DATA EXCERPTS:
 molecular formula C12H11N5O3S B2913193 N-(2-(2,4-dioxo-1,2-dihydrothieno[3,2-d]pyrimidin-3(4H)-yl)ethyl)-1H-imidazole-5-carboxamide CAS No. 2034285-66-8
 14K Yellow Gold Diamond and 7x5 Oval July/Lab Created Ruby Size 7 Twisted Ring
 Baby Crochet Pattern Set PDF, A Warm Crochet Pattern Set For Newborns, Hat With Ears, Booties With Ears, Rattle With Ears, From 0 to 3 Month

--

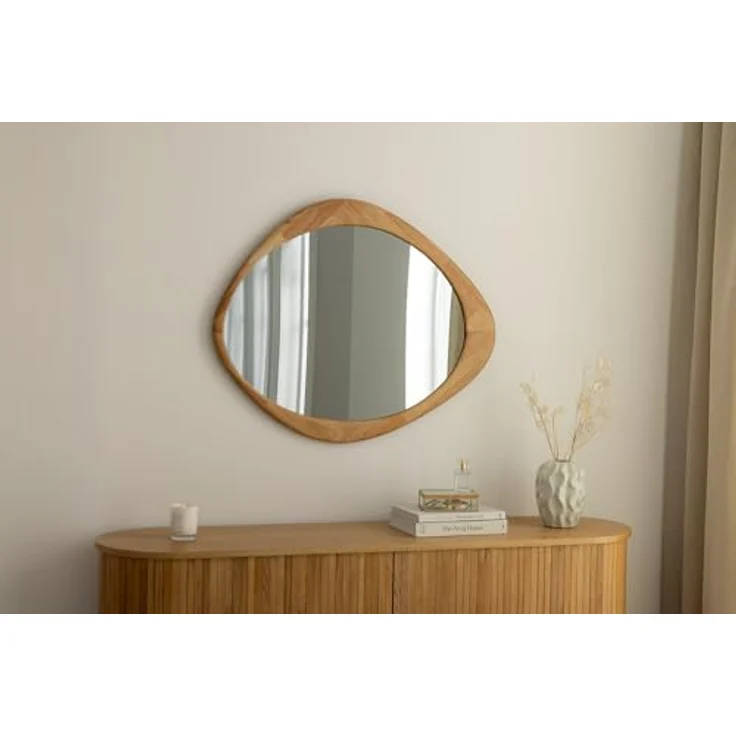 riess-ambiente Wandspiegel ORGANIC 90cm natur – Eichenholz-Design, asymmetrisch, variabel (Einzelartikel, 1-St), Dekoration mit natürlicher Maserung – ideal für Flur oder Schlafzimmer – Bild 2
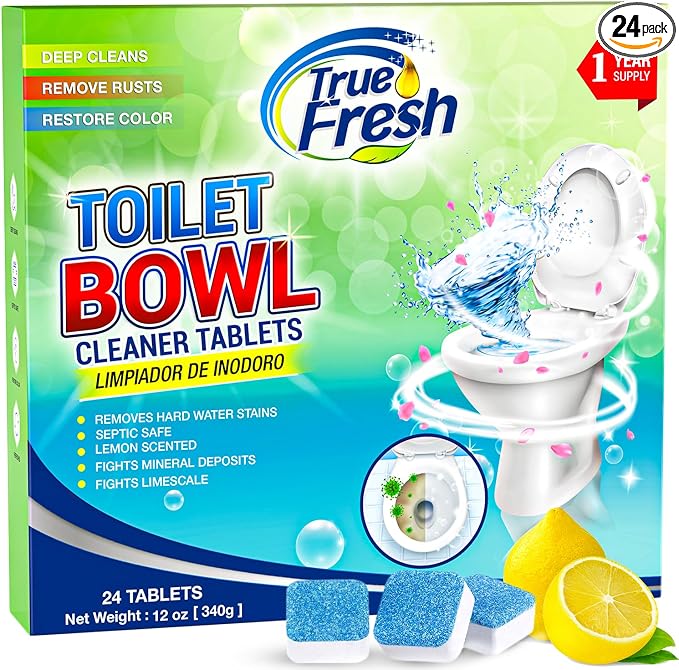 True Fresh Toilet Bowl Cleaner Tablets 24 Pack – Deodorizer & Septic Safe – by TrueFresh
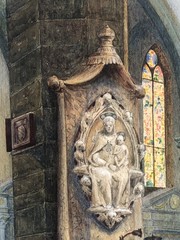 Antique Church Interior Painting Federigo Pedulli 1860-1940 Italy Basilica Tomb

WHAT IS BEING ASKED: Take the stretch of lines above from the one containing "molecular formula C12H11N5O3S" through the one containing "Baby Crochet Pattern" and repeat it exactly, adding no other line.

RESPONSE AREA:
 molecular formula C12H11N5O3S B2913193 N-(2-(2,4-dioxo-1,2-dihydrothieno[3,2-d]pyrimidin-3(4H)-yl)ethyl)-1H-imidazole-5-carboxamide CAS No. 2034285-66-8
 14K Yellow Gold Diamond and 7x5 Oval July/Lab Created Ruby Size 7 Twisted Ring
 Baby Crochet Pattern Set PDF, A Warm Crochet Pattern Set For Newborns, Hat With Ears, Booties With Ears, Rattle With Ears, From 0 to 3 Month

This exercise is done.